Bath & Body Works wants to be more than another musty, old mall brand, as its increasing sales indicate. Despite a flat first-quarter for its parent company, here’s how the retailer is burning up the digital platform on its own.
It’s all about aesthetics. Although it sells fragrance products that are notably difficult to push online, Bath & Body Works doesn’t hold back when it comes to dolling up its site with splashy colors, effects, and font styles to appeal to all the senses. And instead of fragrances and lotions, the brand tends to prop candles up the most on its homepage—a smart move, given that the wax wonders are what made the brand a cult favorite to begin with.

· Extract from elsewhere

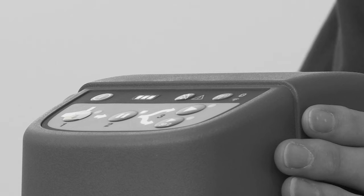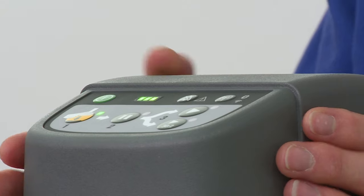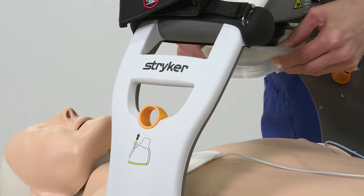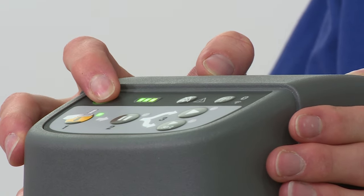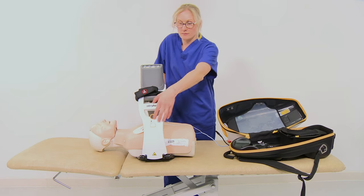To remove the machine, press the button and lift the suction cup away from the patient. Press and hold the on/off button to turn off. Lift the release clips and unlock the device from the backboard.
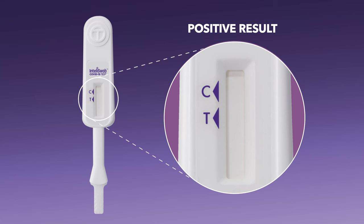You have a positive result if there is a reddish-purple line next to the T and no line next to the C, as seen here. You also have a positive result if there is a line next to the T and a line next to the C, even if the C line is faint, as seen here. You also have a positive result if there is a faint line next to the T and a line next to the C, as seen here.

But banking on nostalgia isn’t always enough. Bath & Body Works also does a solid job of promoting buy-one-get-one offers across its homepage, ushering scent-addicted shoppers to sink deeper into the path to purchase. Bath & Body Works carries out a similar strategy on social media, where it flaunts a fruity and flowery appeal to its 9.4 million Facebook followers and leverages re-posts of influencer hauls on Instagram according to Gartner L2’s Digital IQ Index: Specialty Retail. Finally, the brand found solace in having a fallback—splitting its site and store into two different brands, the White Barn brand and the original Bath & Body Works brand—encouraging people to spend more time in each of them.
That said, only time will tell if Bath & Body Works’ tactics will keep it out of the brick and mortar bust. But once-beloved brands should look to the former when considering how to re-mold their marketing strategy for the new consumer.